Una volta la vicinanza delle sue labbra alle mie mi fece capire che non ascoltiamo con le orecchie, ma con lo stesso organo con cui ci facciamo a nostra volta ascoltare, e la sua voce che mormorava sai bene che ti sto baciando, ma è per il tuo bene e non devi inquietartene, e poi io in silenzio che dubitavo di quanto mi accadeva, io che mi ero mutato nel suo stesso abbandono e che per lei avevo rinunciato al mio. Lodola mi stava baciando, e io non potevo sentirla! (Lei stessa, sentiva forse qualcosa, lei?) Chi potrebbe credermi? E, salvo il suo caso, quello di una fanciulla cui nulla importava, né essere vista, né creduta o inseguita, chi altri potrebbe continuare a parlare sapendo di non poter essere creduto?

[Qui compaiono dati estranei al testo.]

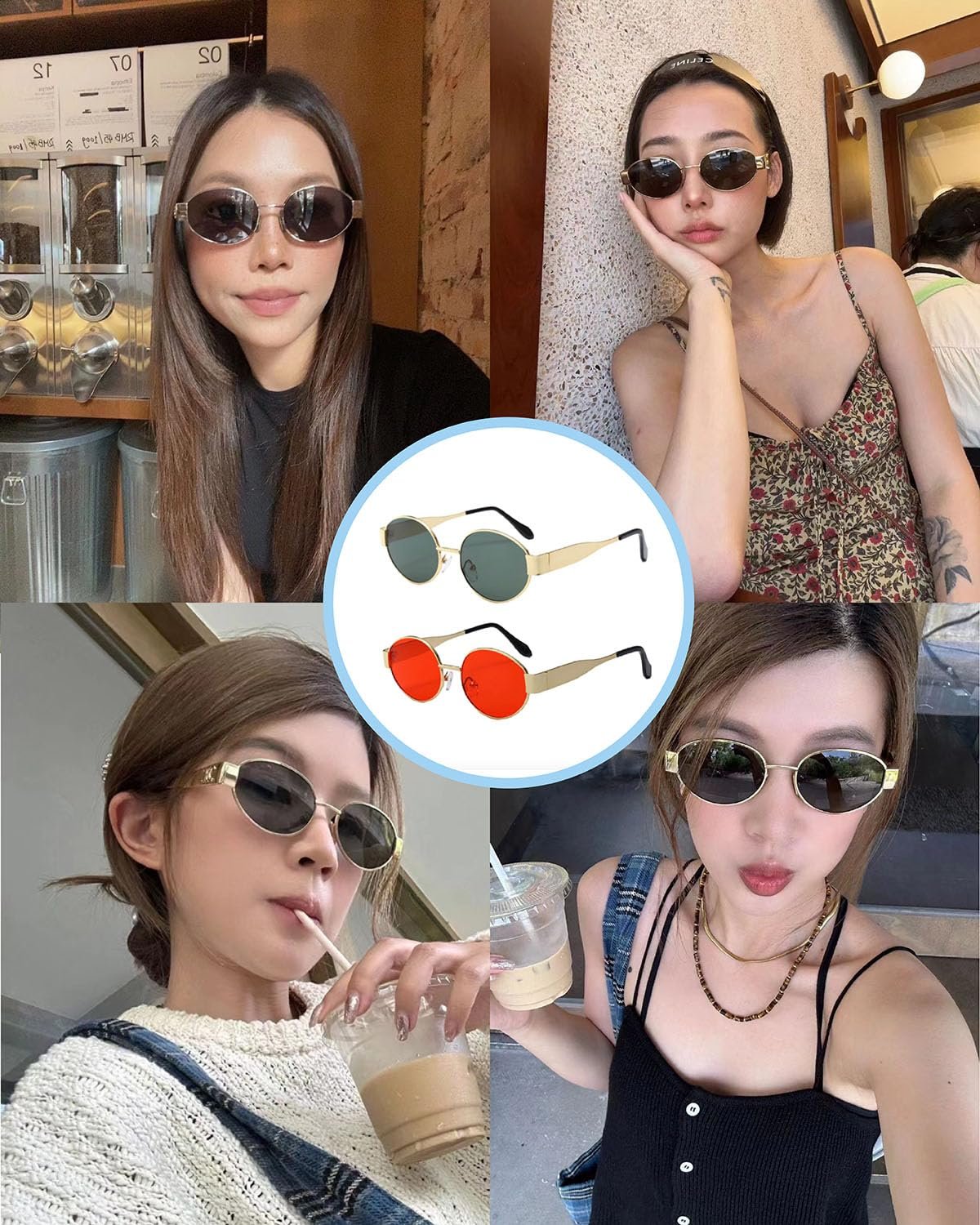 Солнцезащитные очки овальные QLEUIFT винтажные круглые, набор 2 шт., фото №5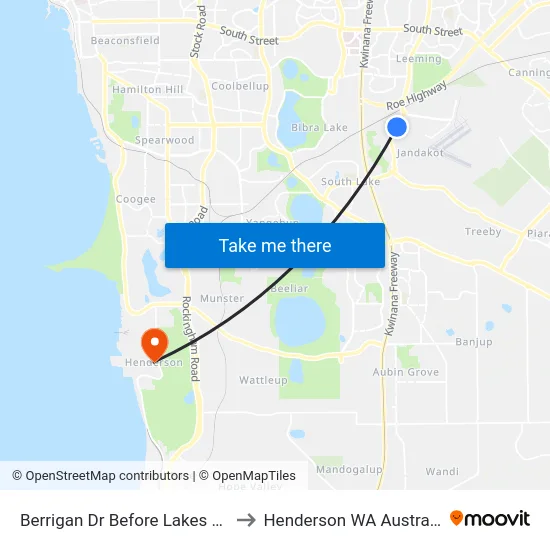 Berrigan Dr Before Lakes Wy to Henderson WA Australia map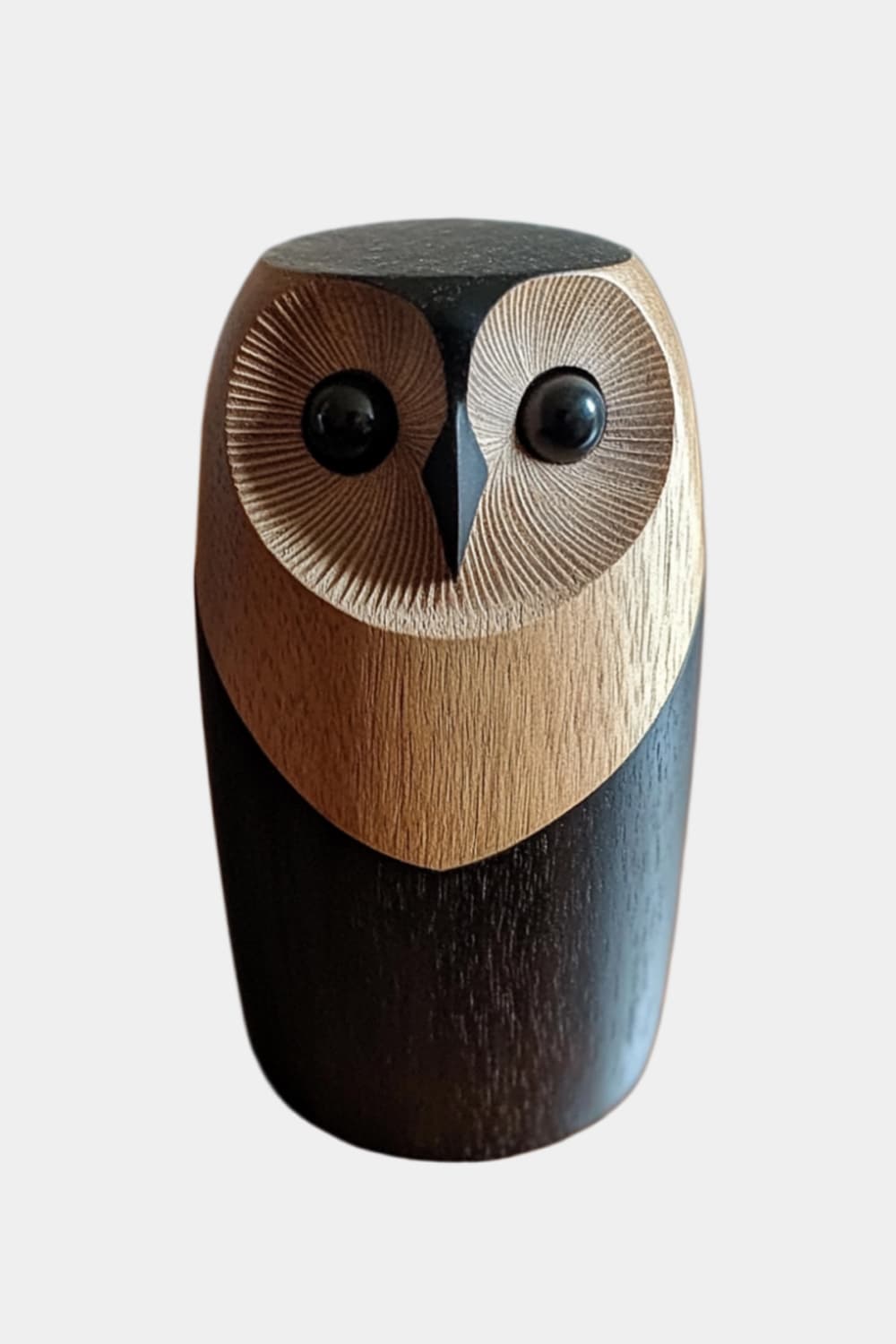Handcarved Wooden Owl Figurine | Scandinavian Animal Sculpture | Mid-Century Desk Decor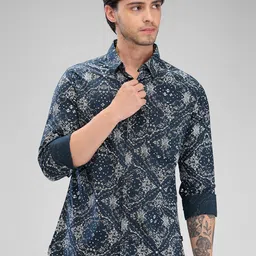 SPYKAR Men Abstract Printed Spread Collar Slim Fit Casual Shirt image 1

Aveva i piedi piccoli e torniti da un’antichissima indolenza. Ciò non di meno i boschi, specie quello dove la incontrai, riuscivano a tramutarli in ali: membra di un volatile implume e ornamenti assoluti, assolutamente indifferenti al compito di trasportarla, che pure assolvevano con grazia esemplare. Anche la sua bocca era un guscio: dentro ti saresti aspettato di imbatterti in un boschetto di capelvenere, e invece. Anziché il verde e il nero della penombra vegetale il rosso il rosa e il bianco di una dentatura infantile e di una carne tenebrosamente segreta benché come il bosco a sé del tutto ignara.